GAAR counteraction notice

"(7)     “GAAR counteraction notice” means a notice under paragraph 12 of Schedule 43 to FA 2013 (notice of final decision to counteract under the general anti-abuse rule)." (FA 2014, s.219(7))

Other arrangements

"(8)     In subsection (4)(d) “other arrangements” means—

(a)     in relation to a notice under paragraph 8(2) of Schedule 43A to FA 2013, the referred arrangements (as defined in that paragraph);

(b)     in relation to a notice under paragraph 9(2) of that Schedule, the counteracted arrangements (as defined in paragraph 2 of that Schedule)." (FA 2014, s.219(8))

Basic conditions for issue

HMRC process for issuing

 

"[28] In Walapu v HMRC [2016] EWHC 658 (Admin) at [47] another case involving a challenge to APNs issued by HMRC, Green J helpfully summarised (on the basis of the evidence filed by HMRC in that case, which I understand is not disputed in this case) the process by which HMRC determines to issue an APN as follows:
i) Stage 1: HMRC publishes upon its website a list of DOTAS schemes on which advanced payments might be charged. HMRC excludes from that list schemes which are accepted to be effective, and obsolete schemes with no users. The first list was published on 15th July 2014 and has been updated subsequently on 30th October 2014 and on 30th January 2015.
ii) Stage 2: The officer responsible for overseeing the investigation of a particular scheme completes the internal "survey". The survey requires answers to questions designed to enable HMRC to rank the scheme according to its suitability for the earlier issue of APNs…
iii) Stage 3: Schemes are then ranked into a preliminary order and placed into categories according to the range within which their score falls. Thereafter, schemes are prioritised within categories by reference to the answers to particular survey questions.
iv) Stage 4: Each identified scheme is then subject to a more detailed review the purpose of which is to identify any reasons why notices should not be issued to users including whether the particular circumstance of any user are such that, exceptionally, no APN should be issued. In the present case no circumstances were identified in relation to the Claimant. Copies of the Detailed Review Template ("DRT") used for this exercise were before the Court.
v) Stage 5: Following the completion of the detailed review each scheme is considered by the Workflow Governance Group. The minutes of the meetings of this Group relevant to the schemes in issue were also before the Court. The Group exercises, from the perspective of a wide range of expert disciplines, supervision of the information collection process ensuring good governance.
vi) Stage 6: The Designated Officer thereafter determines the amount of the understated tax to the best of his/her information and belief. The officer reviews a "Designated Officer Authorisation form" and computations provided by the official responsible for issuing the APN. If satisfied the official countersigns the Designated Officer Authorisation form. The relevant forms relating to the Claimant were once again before the Court. These set out the understated tax. The document has attached to it a "Calculation Summary". This provides the details of the computation. The Claimant was provided with tax calculations relating to all relevant tax years when he was issued with the APN." (Rowe v. HMRC [2017] EWCA Civ 2105, §28)

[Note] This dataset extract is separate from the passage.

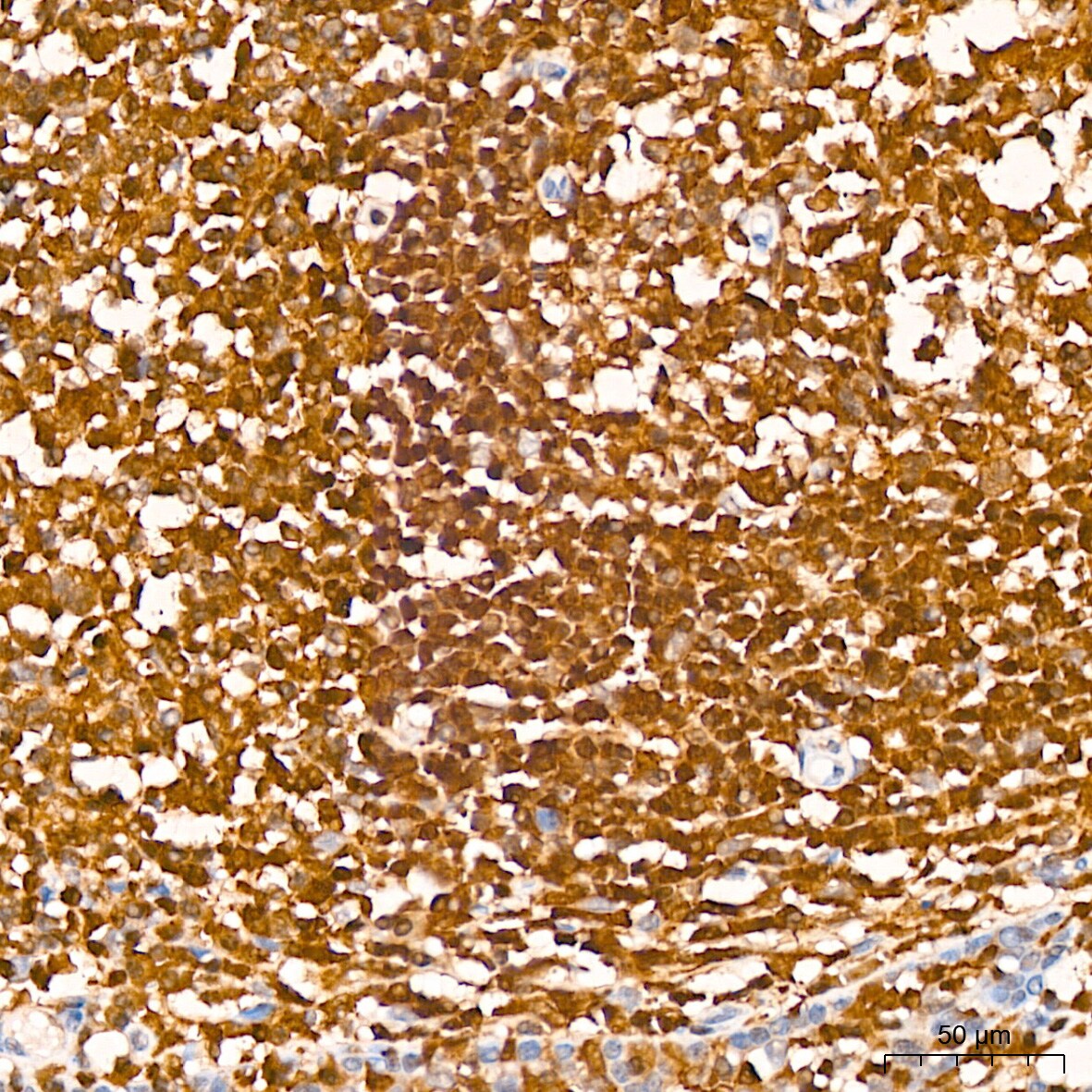 GRB2 Antibody (9K6H0)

Content of notice: enquiry in progress

 

"(1)     This section applies where an accelerated payment notice is given by virtue of section 219(2)(a) (notice given while a tax enquiry is in progress).

(2)     The notice must—

(a)     specify the paragraph or paragraphs of section 219(4) by virtue of which the notice is given,

(b)     specify the payment (if any) required to be made under section 223 and the requirements of that section, 

(c)     explain the effect of sections 222 and 226, and of the amendments made by sections 224 and 225 (so far as relating to the relevant tax in relation to which the accelerated payment notice is given), and

(d)     if the denied advantage consists of or includes an asserted surrenderable amount, specify that amount and any action which is required to be taken in respect of it under section 225A." (FA 2014, s.220(1) - (2))

 

Notice given for more than one reason

"(6)     If a notice is given by reason of two or all of the requirements in section 219(4) being met, any payment specified under subsection (2)(b) or amount specified under subsection (2)(d) is to be determined as if the notice were given by virtue of such one of them as is stated in the notice as being used for this purpose." (FA 2014, s.220(6))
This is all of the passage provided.